#### [What the exercise asks]
A picture-free, exact reproduction of the listing that follows is required.
[Given data — start]
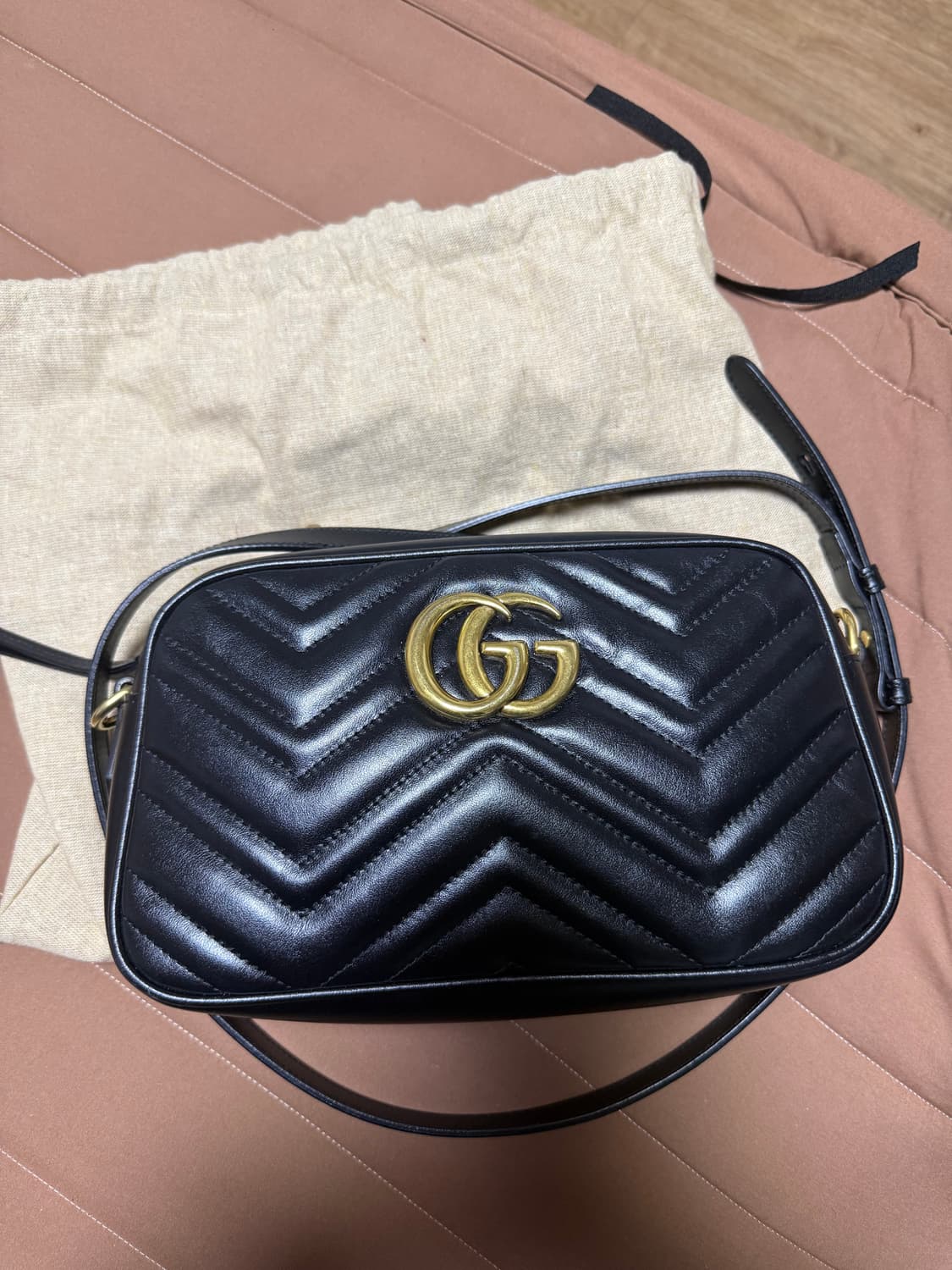 구찌 마몬트 마틀라세 크로스백 블랙  (정품 아닐시 100프로 환불) 상품이미지1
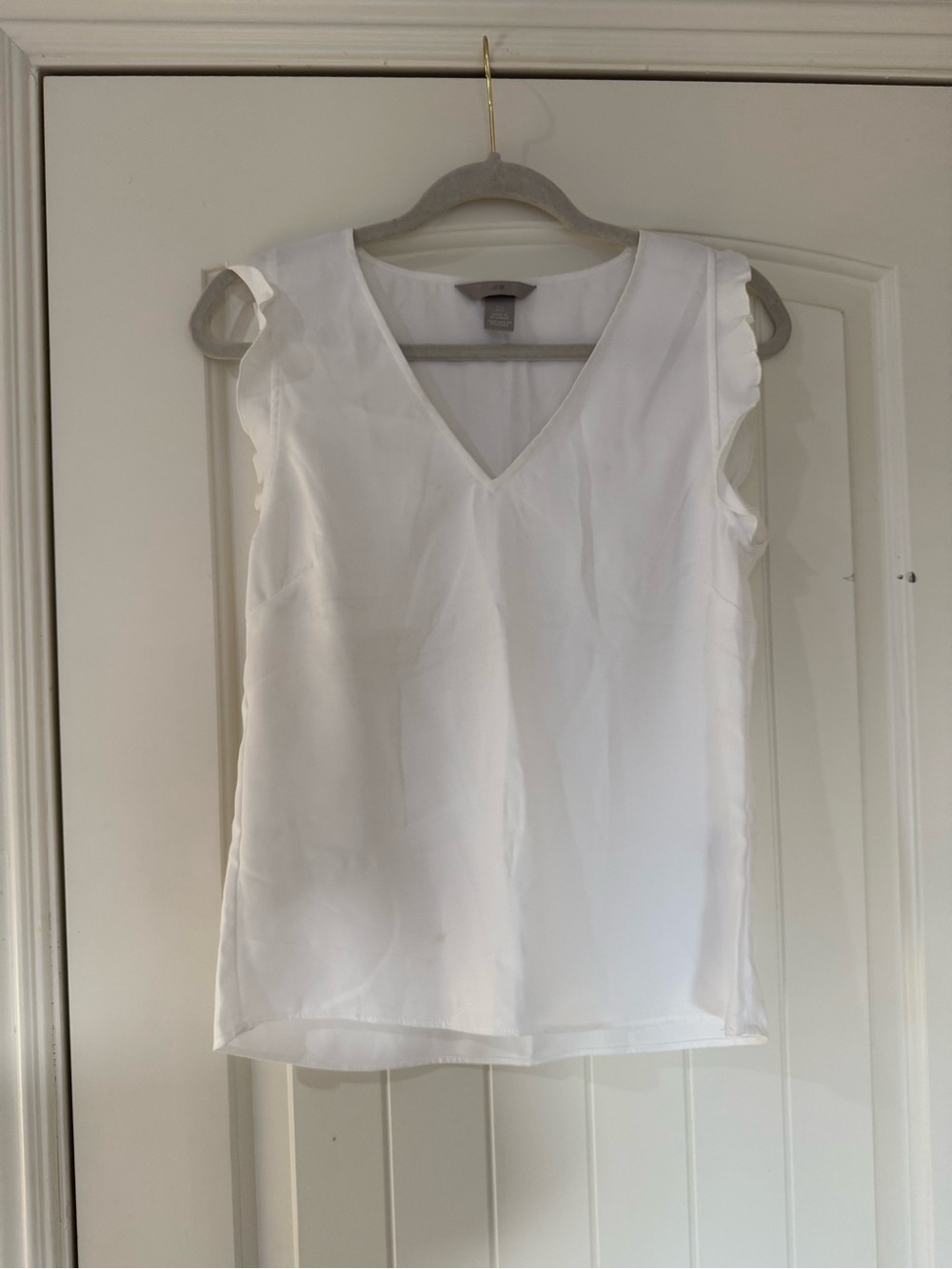 H&M White V-Neck Sleeveless Camisole with Ruffle Trim
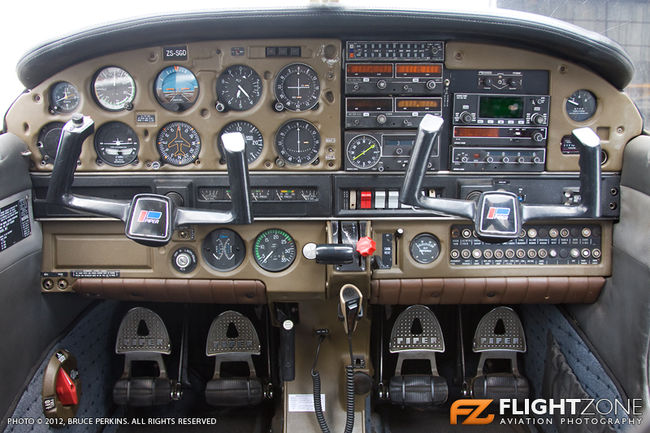 Cockpit of Piper PA-28-161 Warrior ZS-SGD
[Given data — finish]
#### [Task output]
 구찌 마몬트 마틀라세 크로스백 블랙  (정품 아닐시 100프로 환불) 상품이미지1
 H&M White V-Neck Sleeveless Camisole with Ruffle Trim
 Cockpit of Piper PA-28-161 Warrior ZS-SGD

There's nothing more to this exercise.